On Poplar Row in Ballybough, Bartra own a site with a long-empty dark-grey industrial building – once a car dealership.
It got permission in March for 39 “build-to-rent” homes there – although since that was granted, it has reapplied to add back in an extra storey that planners lopped off the first time around.
Other companies have said publicly they’d like to, too.
Platinum Land, the owners of the Chivers site in Coolock – where they’ve big “build-to-rent” towers planned after councillors rezoned the land from industrial to residential – said earlier that they planned to offer apartments to the council under the enhanced leasing scheme.
As with Poplar Row, it’s unclear whether that’ll actually go ahead.
Rebuilding Ireland, the government’s 2016 flagship housing policy, says that local authorities and approved housing bodies will lease 10,000 homes long-term by 2021, to provide as social homes.
Five thousand of these would come from NAMA’s National Asset Residential Property Service (NARPS), which buys properties from NAMA debtors and receivers and leases them to councils or approved housing bodies.
The other 5,000 would be through either the “repair and lease” initiative, whereby councils pay to repair vacant homes and offset that against long-term leases for social housing, or other long-term lease arrangements – such as this enhanced scheme.
Introduced a decade ago, longer-term leases for those eligible for social housing have been slow to take off, even as short-term leases, such as those through the Housing Assistance Payment (HAP), have boomed.
In 2018, Dublin City Council took long-term leases on 61 new homes for social housing, far below its target of 440, council figures show. Council targets for leasing rise over the next four years, with plans to add 460 this year, 652 in 2020, and 653 in 2021.
Take-up of these schemes has been low in big part because the money on offer hasn’t been as good as other market options, says Ó Broin of Sinn Féin.
Most landlords are small, with one or two properties, too, and not thinking about leases for 20 years, says Ó Broin. “They’re short-term in their thinking.”
But while there was slow uptake in the first years of long-term leasing, Department of Housing officials didn’t give up on the idea.
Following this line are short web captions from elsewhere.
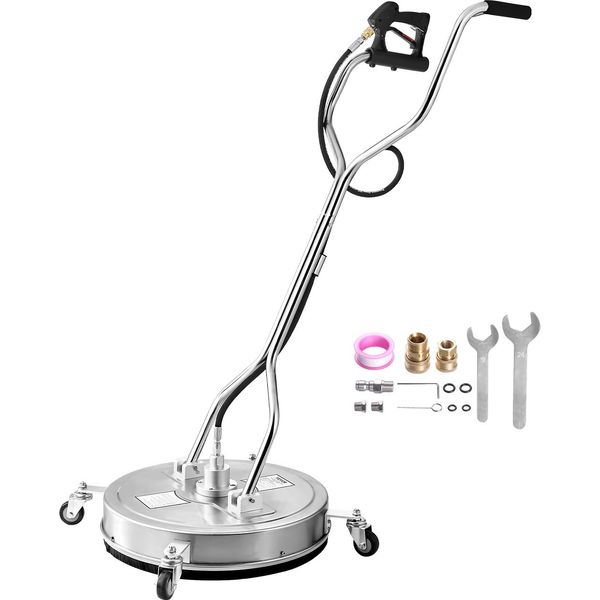 Vevor Idropulitrice 550 Mm, Con 4 Ruote, 276 Bar, Attacco Rapido 9,5 Mm, 2 Ugelli Di Spruzzo, Doppia Impugnatura, Per Calcestruzzo, Patio, Pavimentazione-image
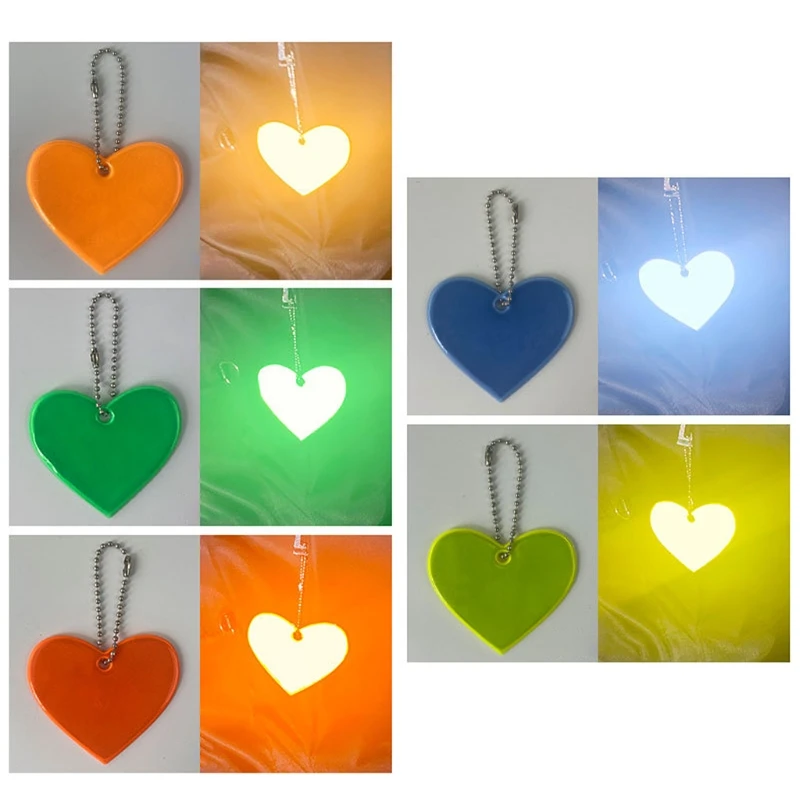 5Pcs Cute Heart Shape Reflective Keychain Bag Pendant Accessories Doft PVC Reflector Keyrings For Visible Safety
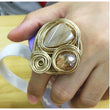 Geo Crystal Statement Wire Ring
In January 2018, Minister Damien English launched the new “enhanced” leasing scheme – this time for bigger landlords: “to target property developers and investors who are in a position to deliver social housing on a reasonable scale”.
The government’s aim is to lease 2,500 social homes this way by 2021.
Under the older scheme, the property owner isn’t responsible for maintenance – in the newer one, it is. In the older scheme, the property owner was to get 80 or 85 percent of market rates – in the newer one, it’s 95 percent.
Under both schemes, when the lease is up, the property owner still owns the homes. So, essentially, the council would spend 25 years or so paying rent and not own the homes in the end.
Ó Broin of the Sinn Féin says he thinks the “real scandal” is that “industry got to design” the enhanced leasing scheme.
Government officials met with fund managers and investors of different stripes, including well-known players such as Bartra and Ires REIT.
Department officials have also met with representatives from Arcadis, McAvoy Group and Marcon Capital, with Bolt Capital and Venn, and others, show minutes of meetings.
Some requests weren’t possible, officials said in memos, such as a request for upward-only annual rent reviews.
Eighteen months since it was launched, the enhanced leasing scheme hasn’t delivered any housing yet in Dublin.
But more than 100 homes are being considered in the Dublin area for enhanced leasing, said a spokesperson for the Housing Agency, which is managing the scheme, in early June.
They wouldn’t say from who, where, or at what cost. That “could prejudice” discussions and the delivery of “much-needed social housing”, they said.
“The lead-in time for occupation was always likely to extend beyond 2018 in most cases,” said the spokesperson.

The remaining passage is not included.